Ровно в десять в дверь боязливо заглянул Иван Викторович, сосед-пенсионер, человек лет шестидесяти двух, невысокий, худощавый, но довольно еще крепкий, с гладким чуть желтоватым лицом. Убедившись, что на кухне присутствует лишь один неопасный для него Гуля, Иван Викторович перевел дух и вошел.

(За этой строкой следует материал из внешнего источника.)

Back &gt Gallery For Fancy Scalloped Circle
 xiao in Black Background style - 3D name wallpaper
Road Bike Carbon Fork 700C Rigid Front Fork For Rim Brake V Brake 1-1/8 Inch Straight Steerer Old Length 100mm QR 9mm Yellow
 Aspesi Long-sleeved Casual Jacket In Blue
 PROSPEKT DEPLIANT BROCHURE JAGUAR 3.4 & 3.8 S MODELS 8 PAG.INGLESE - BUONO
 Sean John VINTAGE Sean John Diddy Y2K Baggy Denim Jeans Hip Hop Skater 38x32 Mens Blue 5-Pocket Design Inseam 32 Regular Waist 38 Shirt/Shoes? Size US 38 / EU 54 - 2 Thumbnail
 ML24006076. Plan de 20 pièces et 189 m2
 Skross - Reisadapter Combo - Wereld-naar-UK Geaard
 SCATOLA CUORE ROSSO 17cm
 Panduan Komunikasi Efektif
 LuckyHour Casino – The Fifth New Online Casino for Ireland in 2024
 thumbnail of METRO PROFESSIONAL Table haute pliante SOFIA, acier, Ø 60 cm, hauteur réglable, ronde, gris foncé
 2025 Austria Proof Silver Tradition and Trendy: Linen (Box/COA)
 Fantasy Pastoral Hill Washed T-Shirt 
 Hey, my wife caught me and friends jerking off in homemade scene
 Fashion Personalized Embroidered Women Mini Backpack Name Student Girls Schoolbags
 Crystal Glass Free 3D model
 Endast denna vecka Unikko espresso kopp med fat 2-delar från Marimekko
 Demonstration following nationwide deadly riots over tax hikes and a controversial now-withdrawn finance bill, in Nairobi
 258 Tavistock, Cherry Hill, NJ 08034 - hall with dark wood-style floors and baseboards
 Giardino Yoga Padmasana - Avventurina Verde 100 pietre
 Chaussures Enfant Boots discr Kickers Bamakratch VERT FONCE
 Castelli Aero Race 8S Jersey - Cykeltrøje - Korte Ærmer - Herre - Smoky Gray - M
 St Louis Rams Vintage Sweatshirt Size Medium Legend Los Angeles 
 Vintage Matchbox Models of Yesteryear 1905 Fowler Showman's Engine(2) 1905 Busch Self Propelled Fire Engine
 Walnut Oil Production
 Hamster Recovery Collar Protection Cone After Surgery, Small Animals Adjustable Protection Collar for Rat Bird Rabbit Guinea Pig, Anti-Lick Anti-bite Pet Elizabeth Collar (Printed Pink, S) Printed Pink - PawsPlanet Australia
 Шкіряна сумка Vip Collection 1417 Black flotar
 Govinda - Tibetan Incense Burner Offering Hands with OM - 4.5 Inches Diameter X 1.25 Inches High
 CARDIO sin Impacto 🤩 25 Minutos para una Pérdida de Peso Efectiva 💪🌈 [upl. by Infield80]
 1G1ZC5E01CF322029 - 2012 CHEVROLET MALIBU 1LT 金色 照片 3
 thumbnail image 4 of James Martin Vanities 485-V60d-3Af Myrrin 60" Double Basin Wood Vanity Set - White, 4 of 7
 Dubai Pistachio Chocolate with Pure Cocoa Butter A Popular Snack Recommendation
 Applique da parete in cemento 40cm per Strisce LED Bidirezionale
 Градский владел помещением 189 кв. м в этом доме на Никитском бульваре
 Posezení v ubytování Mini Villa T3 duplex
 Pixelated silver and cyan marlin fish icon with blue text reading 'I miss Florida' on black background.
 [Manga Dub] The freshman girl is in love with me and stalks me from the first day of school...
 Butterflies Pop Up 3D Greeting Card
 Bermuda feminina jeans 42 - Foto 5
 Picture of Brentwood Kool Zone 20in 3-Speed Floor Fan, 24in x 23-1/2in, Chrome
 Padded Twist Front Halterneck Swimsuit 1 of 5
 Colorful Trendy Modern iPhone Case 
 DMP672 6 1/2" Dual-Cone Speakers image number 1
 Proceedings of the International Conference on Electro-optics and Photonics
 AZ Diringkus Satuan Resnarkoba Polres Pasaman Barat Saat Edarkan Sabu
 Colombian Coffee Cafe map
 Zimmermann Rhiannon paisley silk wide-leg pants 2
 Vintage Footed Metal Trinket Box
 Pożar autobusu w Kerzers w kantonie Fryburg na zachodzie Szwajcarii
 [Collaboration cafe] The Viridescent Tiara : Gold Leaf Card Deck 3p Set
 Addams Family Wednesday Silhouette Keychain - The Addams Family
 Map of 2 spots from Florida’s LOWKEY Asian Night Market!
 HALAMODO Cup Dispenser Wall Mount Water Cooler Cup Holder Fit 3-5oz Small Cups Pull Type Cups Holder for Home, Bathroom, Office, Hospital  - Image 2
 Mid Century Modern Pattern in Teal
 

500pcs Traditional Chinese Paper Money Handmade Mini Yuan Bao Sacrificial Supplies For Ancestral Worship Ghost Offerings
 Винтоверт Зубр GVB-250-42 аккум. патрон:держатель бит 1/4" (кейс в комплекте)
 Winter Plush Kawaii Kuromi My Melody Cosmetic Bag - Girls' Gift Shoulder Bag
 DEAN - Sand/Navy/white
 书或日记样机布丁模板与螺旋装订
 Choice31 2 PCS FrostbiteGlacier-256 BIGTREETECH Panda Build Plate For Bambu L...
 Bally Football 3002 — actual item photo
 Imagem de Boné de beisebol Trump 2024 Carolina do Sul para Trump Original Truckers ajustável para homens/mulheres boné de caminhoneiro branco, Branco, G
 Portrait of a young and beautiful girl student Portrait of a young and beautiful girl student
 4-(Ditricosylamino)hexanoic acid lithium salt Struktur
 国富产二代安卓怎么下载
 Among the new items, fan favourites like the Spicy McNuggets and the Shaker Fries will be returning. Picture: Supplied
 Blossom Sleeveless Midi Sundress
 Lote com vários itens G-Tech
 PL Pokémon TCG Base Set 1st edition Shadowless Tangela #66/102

— Здравствуйте, Борис, — сказал он всегдашним своим вкрадчивым тоном и жадно прикоснулся взглядом к дымящейся на столе тарелке супа. — Обедаете? Приятного аппетита.
— Спасибо, — поморщился Гуля и, сев на табурет, отвернулся.
Было время, когда он любезно предлагал Ивану Викторовичу присоединиться. Было, — тогда он еще и в долг давал, — но деньки эти давно миновали (не век же его, в самом деле, кормить и поить?). А «химические» басни Ивана Викторовича (у него и прозвище пристало — химик), давно ставшие в округе притчей во языцех, надоели хуже горькой редьки. Никто, включая и Гулю, не верил в «химию» Ивана Викторовича, которой, по его словам, некие злоумышленники откуда ни попадя поливали его день и ночь. Да и смог ли бы он под непрерывным воздействием химической отравы сохранить себя в таком бодро-крепеньком виде, так что и седина лишь чуть коснулась пшеничной шевелюры, с легкой на макушке плешью, а борода, так и вовсе походила на густой, коротко обрезанный сноп свежей соломы? Едва ли… Возможно, только один Гуля деликатно терпел эти безконечно повторяющиеся «химические» рассказы, раз от раза продолжая впускать их в свои многострадальные уши, а Иван Викторович немилосердно этим злоупотреблял. Вот и сегодня, похоже, тоже…
— Ночью было нечто невероятное, — понизив тон, доверительно сообщил Иван Викторович, — такая атака, такую химию пустили, еле до утра дотянул… Да, кстати, посмотрите, как у меня глаза?
Иван Викторович пододвинул голову к самой тарелке, и Гуле показалось, что с его буйной соломенной бороды что-то просыпалось прямо в суп. Он брезгливо дернул тарелку в сторону, оставив на столе неряшливую выпуклую лужу, и быстро взглянул в красноватые кроличьи глаза Ивана Викторовича.